> [What to do]: Restate word for word each line of the data, starting at the one containing "y grafeno lavable" and running through the last.

> [Extracted material]:

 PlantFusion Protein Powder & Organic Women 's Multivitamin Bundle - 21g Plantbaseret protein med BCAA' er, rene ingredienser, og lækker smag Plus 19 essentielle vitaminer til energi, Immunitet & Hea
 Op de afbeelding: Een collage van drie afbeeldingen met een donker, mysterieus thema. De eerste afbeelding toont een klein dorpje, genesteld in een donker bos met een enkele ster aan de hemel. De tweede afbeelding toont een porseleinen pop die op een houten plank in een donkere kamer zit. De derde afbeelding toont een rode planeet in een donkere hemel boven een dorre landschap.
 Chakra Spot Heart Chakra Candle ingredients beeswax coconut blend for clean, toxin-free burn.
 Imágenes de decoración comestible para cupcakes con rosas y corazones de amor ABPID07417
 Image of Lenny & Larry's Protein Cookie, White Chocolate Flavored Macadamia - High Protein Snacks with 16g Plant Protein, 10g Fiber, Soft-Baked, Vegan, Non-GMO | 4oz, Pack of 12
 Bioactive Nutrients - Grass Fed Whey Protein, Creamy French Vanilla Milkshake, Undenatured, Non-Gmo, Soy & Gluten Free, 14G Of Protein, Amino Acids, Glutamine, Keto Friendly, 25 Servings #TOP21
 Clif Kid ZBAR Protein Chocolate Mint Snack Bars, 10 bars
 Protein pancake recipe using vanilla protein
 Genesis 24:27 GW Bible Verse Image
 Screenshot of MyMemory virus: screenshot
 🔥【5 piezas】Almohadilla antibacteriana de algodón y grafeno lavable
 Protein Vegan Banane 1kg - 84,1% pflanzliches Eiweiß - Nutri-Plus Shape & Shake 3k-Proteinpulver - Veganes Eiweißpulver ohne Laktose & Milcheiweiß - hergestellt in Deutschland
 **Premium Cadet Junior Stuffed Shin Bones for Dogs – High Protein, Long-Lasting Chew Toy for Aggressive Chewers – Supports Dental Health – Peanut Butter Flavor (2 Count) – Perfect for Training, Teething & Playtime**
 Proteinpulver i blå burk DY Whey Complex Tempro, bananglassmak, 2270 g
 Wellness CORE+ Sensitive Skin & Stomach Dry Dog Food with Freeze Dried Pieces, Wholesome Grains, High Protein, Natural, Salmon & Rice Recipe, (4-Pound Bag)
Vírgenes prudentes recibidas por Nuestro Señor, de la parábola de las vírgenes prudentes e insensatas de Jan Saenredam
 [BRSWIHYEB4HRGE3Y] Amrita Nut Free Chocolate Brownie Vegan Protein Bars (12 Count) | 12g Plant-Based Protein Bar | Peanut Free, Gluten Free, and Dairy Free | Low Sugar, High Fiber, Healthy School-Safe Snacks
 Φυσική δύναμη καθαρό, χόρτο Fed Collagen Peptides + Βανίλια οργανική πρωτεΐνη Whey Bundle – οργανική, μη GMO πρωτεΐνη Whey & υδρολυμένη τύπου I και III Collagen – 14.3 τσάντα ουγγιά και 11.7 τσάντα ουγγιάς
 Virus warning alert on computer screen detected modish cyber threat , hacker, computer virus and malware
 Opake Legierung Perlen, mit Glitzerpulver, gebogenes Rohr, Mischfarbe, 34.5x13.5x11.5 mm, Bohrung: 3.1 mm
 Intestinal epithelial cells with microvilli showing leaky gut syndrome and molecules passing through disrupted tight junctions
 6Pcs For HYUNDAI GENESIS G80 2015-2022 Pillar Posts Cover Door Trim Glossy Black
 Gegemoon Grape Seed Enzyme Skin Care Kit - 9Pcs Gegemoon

> [Solution]:
 🔥【5 piezas】Almohadilla antibacteriana de algodón y grafeno lavable
 Protein Vegan Banane 1kg - 84,1% pflanzliches Eiweiß - Nutri-Plus Shape & Shake 3k-Proteinpulver - Veganes Eiweißpulver ohne Laktose & Milcheiweiß - hergestellt in Deutschland
 **Premium Cadet Junior Stuffed Shin Bones for Dogs – High Protein, Long-Lasting Chew Toy for Aggressive Chewers – Supports Dental Health – Peanut Butter Flavor (2 Count) – Perfect for Training, Teething & Playtime**
 Proteinpulver i blå burk DY Whey Complex Tempro, bananglassmak, 2270 g
 Wellness CORE+ Sensitive Skin & Stomach Dry Dog Food with Freeze Dried Pieces, Wholesome Grains, High Protein, Natural, Salmon & Rice Recipe, (4-Pound Bag)
Vírgenes prudentes recibidas por Nuestro Señor, de la parábola de las vírgenes prudentes e insensatas de Jan Saenredam
 [BRSWIHYEB4HRGE3Y] Amrita Nut Free Chocolate Brownie Vegan Protein Bars (12 Count) | 12g Plant-Based Protein Bar | Peanut Free, Gluten Free, and Dairy Free | Low Sugar, High Fiber, Healthy School-Safe Snacks
 Φυσική δύναμη καθαρό, χόρτο Fed Collagen Peptides + Βανίλια οργανική πρωτεΐνη Whey Bundle – οργανική, μη GMO πρωτεΐνη Whey & υδρολυμένη τύπου I και III Collagen – 14.3 τσάντα ουγγιά και 11.7 τσάντα ουγγιάς
 Virus warning alert on computer screen detected modish cyber threat , hacker, computer virus and malware
 Opake Legierung Perlen, mit Glitzerpulver, gebogenes Rohr, Mischfarbe, 34.5x13.5x11.5 mm, Bohrung: 3.1 mm
 Intestinal epithelial cells with microvilli showing leaky gut syndrome and molecules passing through disrupted tight junctions
 6Pcs For HYUNDAI GENESIS G80 2015-2022 Pillar Posts Cover Door Trim Glossy Black
 Gegemoon Grape Seed Enzyme Skin Care Kit - 9Pcs Gegemoon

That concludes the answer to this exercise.